My memaw sewed everything for herself and 3 girls. My mama was the only girl who really took it up. She sewed for herself and me growing up. No quilts though. Mama was/is (no sewing these days) really good at making clothes, fitting, etc. But she has a very feminine figure.. hourglass.

I learned from her, and have always been interested in learning anything the "old" way. But I have NEVER been able to make clothes like mom. I have an athletic figure identical to my daddy, and patterns don't come close to being even adjustable. :grumble:
I do okay for crafts, bags, curtains, gifts, home items, quilting, and plain fitting things like lounge pants or skirts.

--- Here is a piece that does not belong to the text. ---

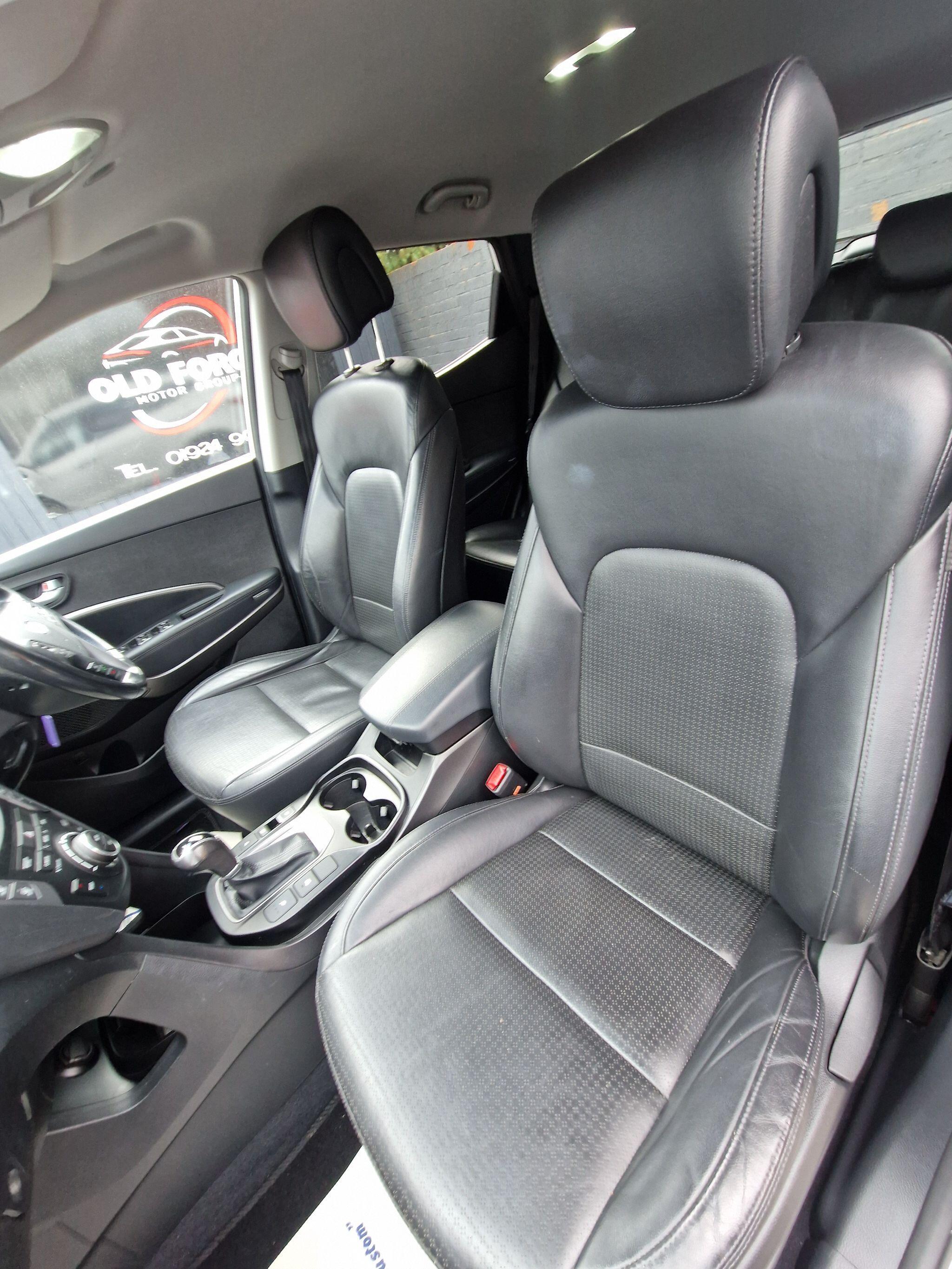 Hyundai Santa Fe - Image 38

If I could ever have a pattern made right for me, I do think I could follow it and succeed. But I'm pretty sure I would never be as good a seamstress as mom.


----------



## FarmChix (Mar 3, 2013)

I learned from my Grandma, as well. Sewing totally skipped my Mom. I have a cousin who is a year younger than me. Everything my Grandma made was utilitarian--not for looks. It was my cousin and my job to tie the quilts with yarn. I convinced my Grandma that if she taught me to sew, my cousin could tie them and we could make a lot more quilts. The rest is history. I learned on her treadle....and my cousin hates quilting to this day! LOL (I do feel kinda bad....) My Dad died a month before I turned 3. I used to load up and go to Granny's for a month or two every summer to give my Mom a break. She needed slave labor for her garden, and I learned more about sewing, gardening, canning, making soap, homesteading, etc. than any one person could ever learn from a book. How I miss her now. I still feel her presence when I am quilting....or when I am out working in the garden.....I just look up and smile. Boy do I miss her.....


----------



## Maura (Jun 6, 2004)

I wish someone had taught me. My mother had a Kenmore. One day she needed a part, went to Sears and they told her they did not service old machines, she had to buy a new one. After that, it was only Singer! I have tried to make clothes, but always make a mess of the collars. If one of our shops taught a sewing class, I'd take it, and I'm 59 years old! 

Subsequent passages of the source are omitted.